RoboCAN is a Roboteq proprietary meshed networking scheme allowing multiple Roboteq motor controllers to operate together as a single system. This protocol is extremely simple and lean, yet practically limitless in its abilities. It is the preferred protocol to use by user who just wish to make multiple controllers work together with the minimal effort.
In RoboCAN, every controller can send commands to, and can read operational data from, any other node on the network. One or more controller can act as a USB to CAN or Serial to CAN gateway, allowing several controllers to be thus managed from a single PC or microcomputer.
Using a small set of dedicated Microbasic function, scripts can be written to exchange data between controllers in order to create automation systems without the need for a PLC or external computer.
In addition, RoboCAN includes support for processing raw can data as defined in the RawCAN specification, in order to incorporate CAN compatible 3rd party devices in the network.
Network Operation
The simplified model of a motor is a resistor in series with an inductor and a voltage generator.
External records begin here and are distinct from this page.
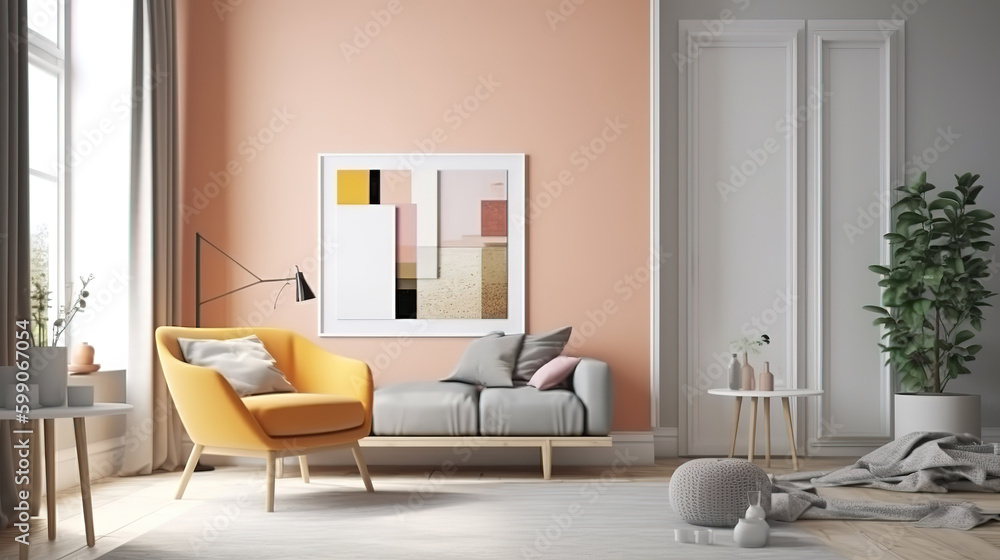 Mock up frame in modern home interior, Scandinavian style. Generative Ai Mock up frame in modern home interior, Scandinavian style. Generative Ai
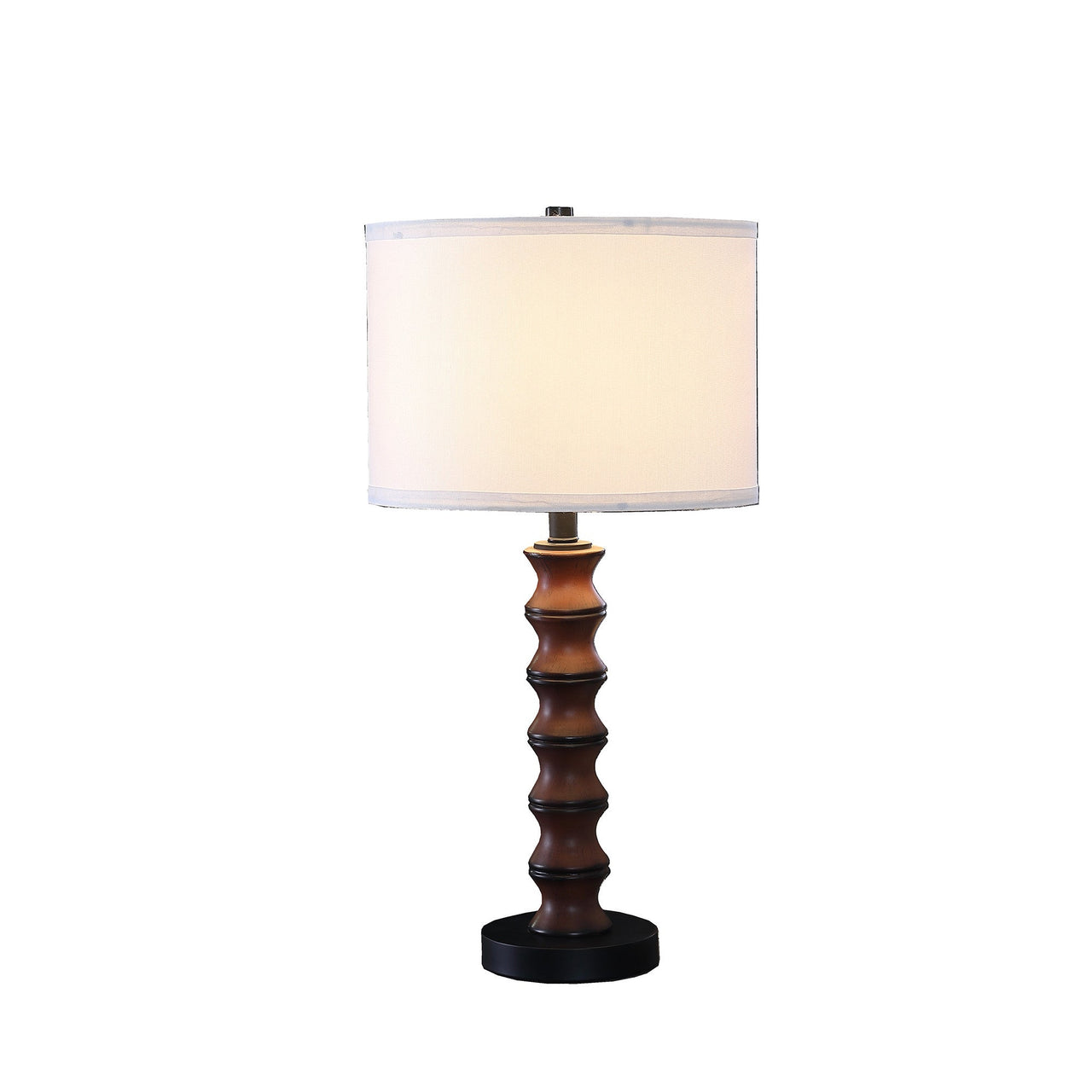 Dark Cherry Polyresin Indents Table Lamp With White Shade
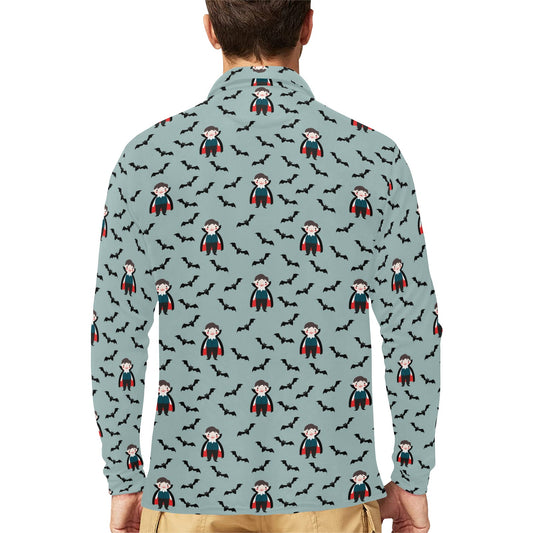 Vampire Print Design LKS304 Long Sleeve Polo Shirt For Men's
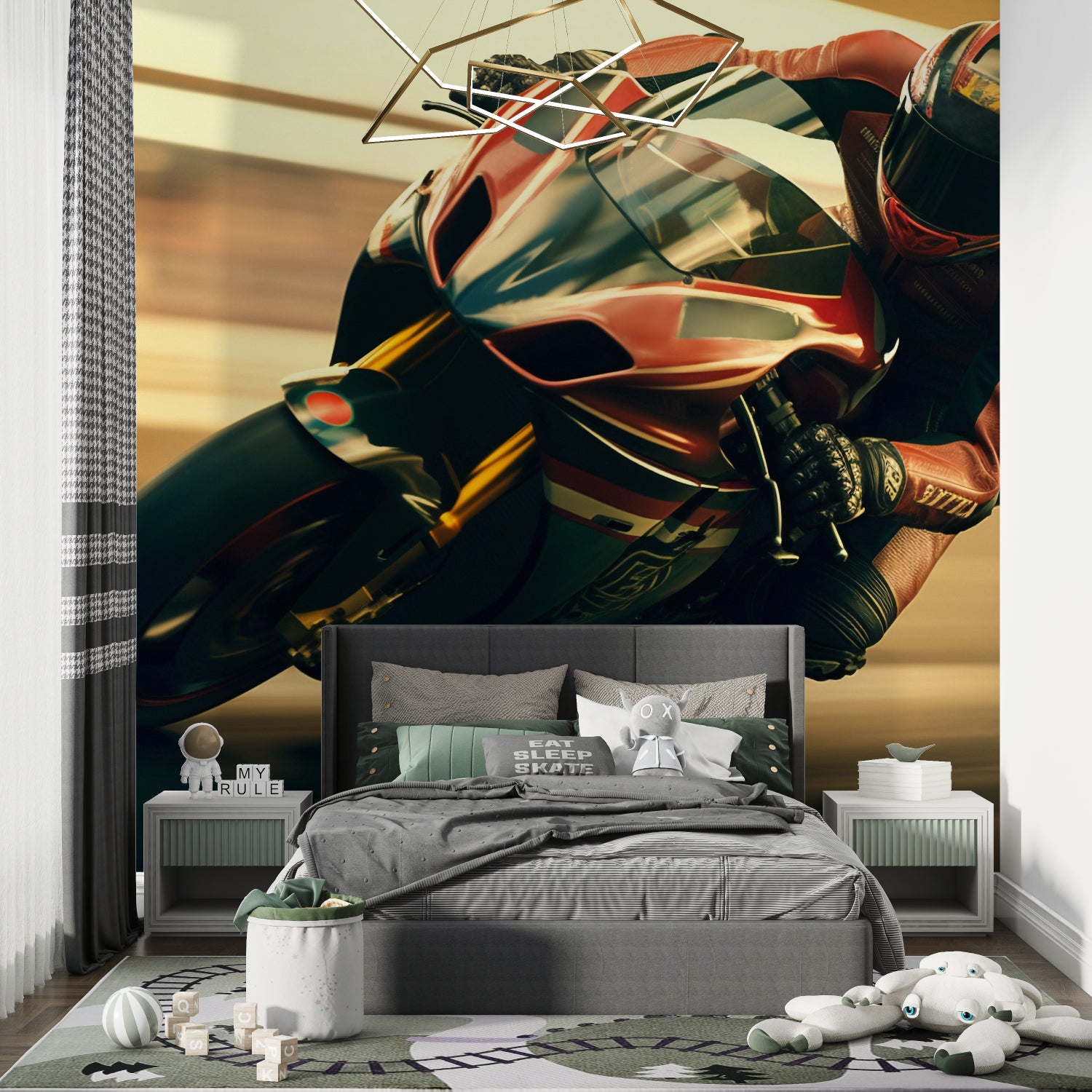Motorcycle wall mural bringing energy to teen bedroom with gaming setup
The resistor and inductor are simply the resistance and inductance of the electromagnets inside the motor. The voltage generator represents the voltage that is created by the motor while it is turning and isreferred as Back EMF, or BEMF. The BEMF voltage is a fixed ratio of Volts per RPM.
RoboCAN via Serial & USB
Important notice: On many controller models, CAN and USB cannot be operated at the same time. Please see product datasheet to verify if this is the case on the model used. In case USB is not available, this section only applies to RS232 connections.
RoboCAN commands and queries can be sent from a USB or serial port using a modified syntax of the normal serial protocol: By simply adding the @ character followed by the node as a 2 digint hex address, a command or query is sent to the desired node. This scheme works with every Command (! Character), Query (?), Configuration setting (^), Configuration read (~), and most Maintenance commands (%)
Runtime Commands
Below is an Command example:
!G 1 500
This is the normal command for giving a 50% power level command to motor 1 of the controller that is attached to the computer.
@04G 1 500
This will send the same 50% command to motor 1 of the controller at node address 4.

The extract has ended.